## WHAT THE EXERCISE ASKS
Transcribe all the records exactly and omit any images they hold.

Captioned web image data:
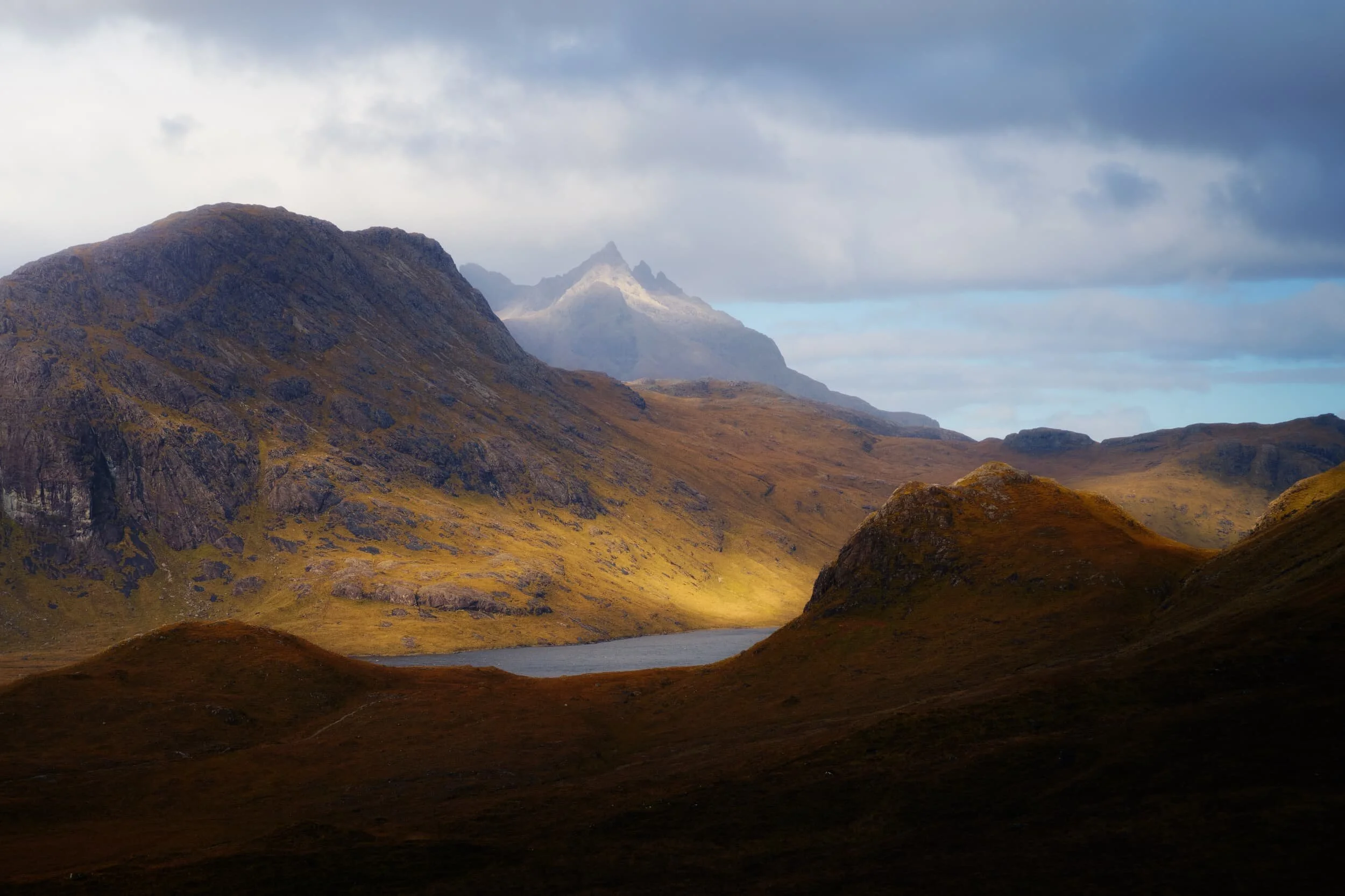  A particularly strong burst of light breaks through the low clouds as I shot this view across  Loch na Creìtheach . The hill on the left is  Sgùrr Hain  (420 m/1,377 ft) and the crown-like summit in the distance is  Sgùrr nan Gillean  (966 m/3,170 ft), one of Skye&rsquo;s most famous peaks. Its name translates from Scottish Gaelic as &ldquo;peak of the young men&rdquo;. 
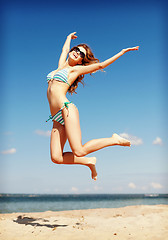 Image showing woman in bikini jumping on the beach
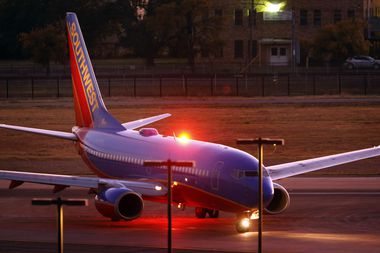 A Southwest Airlines jet taxis to the terminal at Dallas Love Field, Thursday, October 17,...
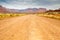 Dirt road through beautiful barren land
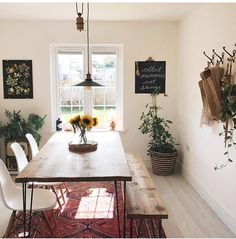 a dining room table with chairs and flowers on the table in front of a window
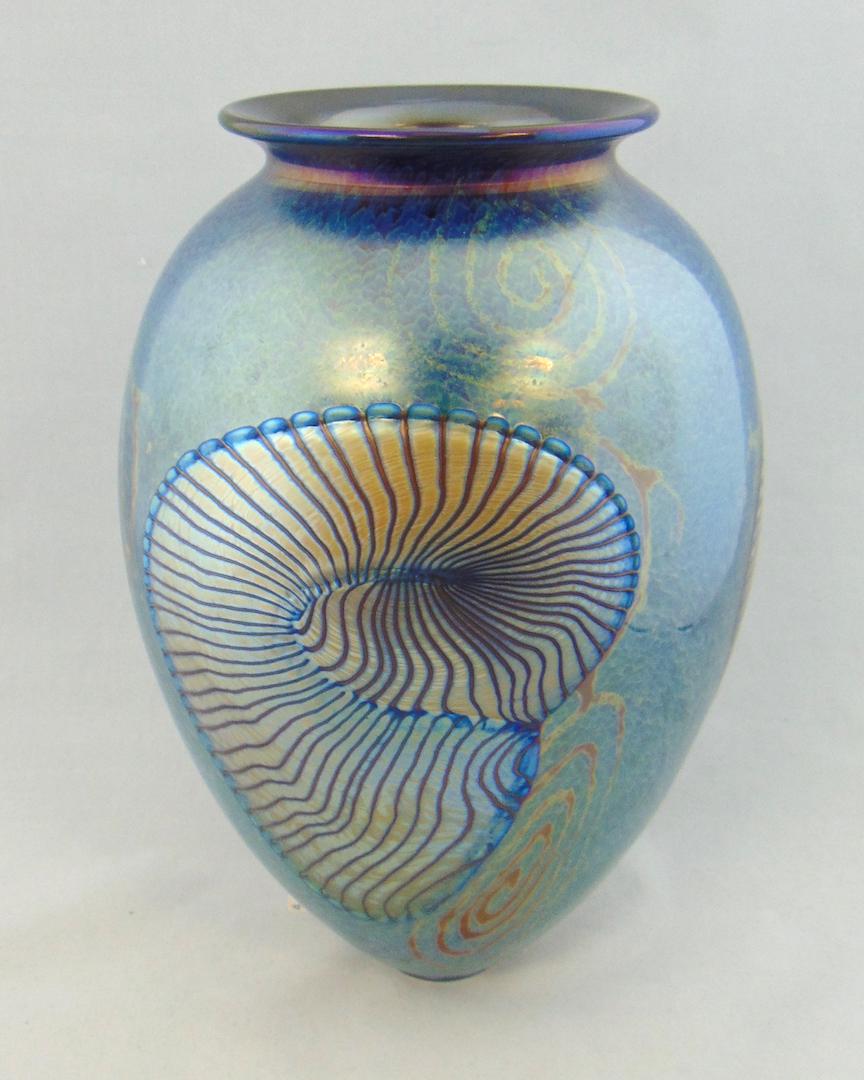 Rick Satava Conch Shell glass vase: Ovoid form in mottled blue decorated with a large gold Conch shell, signed Satava 1440-08, 11" ht. PROVENANCE: Earlys Auction to the Black collection. Condition: good with no defects found.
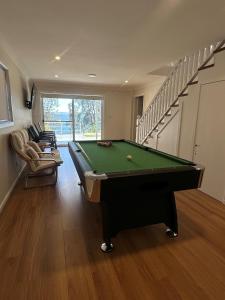 a living room with a pool table and stairs at Angels Little Haven in Cams Wharf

## RESPONSE BELOW
  A particularly strong burst of light breaks through the low clouds as I shot this view across  Loch na Creìtheach . The hill on the left is  Sgùrr Hain  (420 m/1,377 ft) and the crown-like summit in the distance is  Sgùrr nan Gillean  (966 m/3,170 ft), one of Skye&rsquo;s most famous peaks. Its name translates from Scottish Gaelic as &ldquo;peak of the young men&rdquo;. 
 Image showing woman in bikini jumping on the beach
 A Southwest Airlines jet taxis to the terminal at Dallas Love Field, Thursday, October 17,...
 Dirt road through beautiful barren land
 a dining room table with chairs and flowers on the table in front of a window
 Rick Satava Conch Shell glass vase: Ovoid form in mottled blue decorated with a large gold Conch shell, signed Satava 1440-08, 11" ht. PROVENANCE: Earlys Auction to the Black collection. Condition: good with no defects found.
 a living room with a pool table and stairs at Angels Little Haven in Cams Wharf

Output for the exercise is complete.